1. Okay, whatever.  No surprise here.  He's never posted anything directly confrontational in the past, but he's among those users I wouldn't necessarily put it past (though he is at the bottom of that list, easily).

2. Not cool.  Users should have the right to know exactly why they were banned, and the opportunity to discuss said ban directly with the staff member responsible so as to clear up any questions they might have.  And it looks like Sonderjen has several.

3. This is an issue I have with pretty much every website you could name, because they all seem to do this: temporary suspensions and permanent expulsions are both referred to as "bans" without any sort of language clarifying which.  This always causes no end of confusion and drama among other users, who have no way of knowing and assume it's permanent because in the real world, that's what "ban" _means_.  If they _knew_ the person was just "in the time-out chair," they'd probably keep quiet(er) about the whole mess.  Especially if they knew it was only three f'ing days!

4. In my own opinion, this might have been grounds for a warning and deletion at _most_.  First of all, I've already seen that meme pop up two other places, by users who are _not_ known for directly attacking specific people.  Secondly, I don't know anyone who'd argue that failing to report policy violation is a serious offense, much less one that merits the same punishment as those violators themselves (I'm guessing the users who left those comments are the other ones who got banned, here).

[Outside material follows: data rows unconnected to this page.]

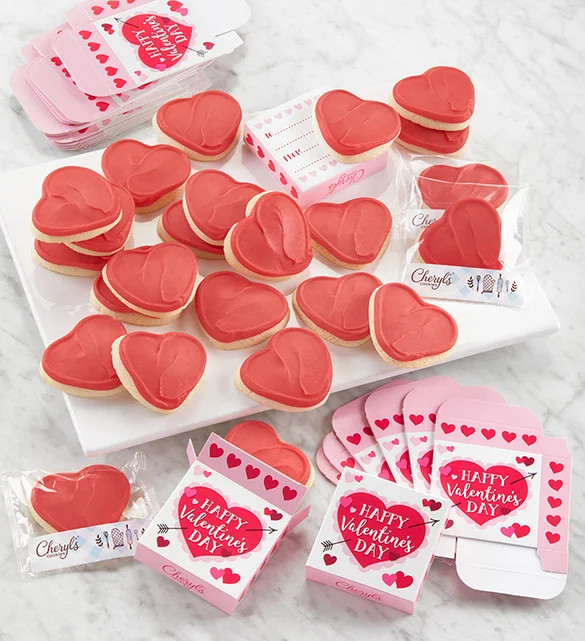 Valentine Card Making Kit | Cheryl's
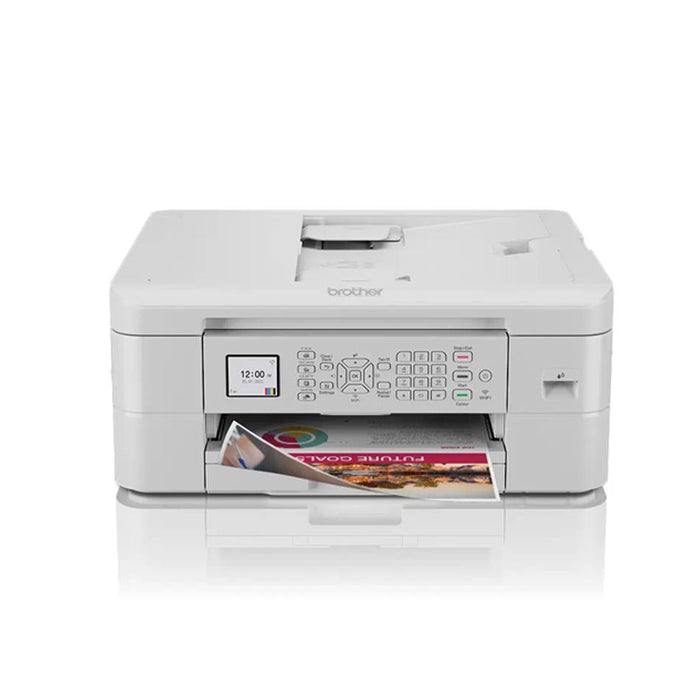 Brother Mfcj1010Dw A4 Inkjet Multi Function Printer BPK408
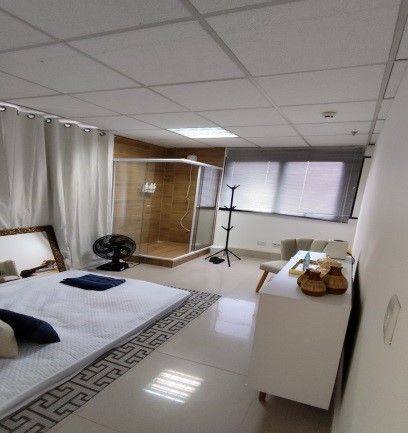 Espa�o para escrit�rio, massagem, Terapia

*comes up for air* There you go.  Your daily dose of uninformed ranting.  Now back to life as usual.


----------



## uncia (Jan 12, 2008)

Sonderjen said:
			
		

> You make it sound like the conversations went something along the lines of:
> 
> "hurr hurr, that'll show 'im"
> 
> ...


>> HAHAHAHA Y E S. Oh god, yes.
>> HOW DID I KNOW YOU'D BE ON THIS RIGHT AWAY

>> dagagjakljdflkafjwlk46tju0rdfiojkmbv i lol'd so hard i coughed up a lung.

>>  I laughed whole-heartedly, sir!
> Thank you for being the catalyst.

And the number of times you stood back to consider that the overall impact of your submission and comment back-slapping might be being (deliberately) hurtful for the sake of the lulz?

So if there's now a hypothetical submission created that is so very clearly a "lulz Sonderjen got pwned" in-joke with stacking of back-slapping comments (heck, let's spread it around a few other drama sites, even though those don't count for FA purposes), you'd be more than happy with that?
OK, maybe you would... I'd be fully expecting the administration to be doing something about that, though. Especially if that person had a history of deliberately laughing at other's expense without realising that FA is a safe-haven for RL people to enjoy, not a political pressure cooker where everyone is "fair game" for whatever cutting satire one cares to throw around. Is that not a clear enough distinction?


----------



## Paul Revere (Jan 12, 2008)

sigh... I can only hope one day I achieve memedom

edit: well, maybe not.  it would probably end up being super-ridiculous and not be anything like me.  and i just realized this is the site section.  i'm outside my natural habitat, the rants and raves section    : x


----------



## Firehazard (Jan 12, 2008)

(in response to a reply that was accidentally sent thru PM instead of posted)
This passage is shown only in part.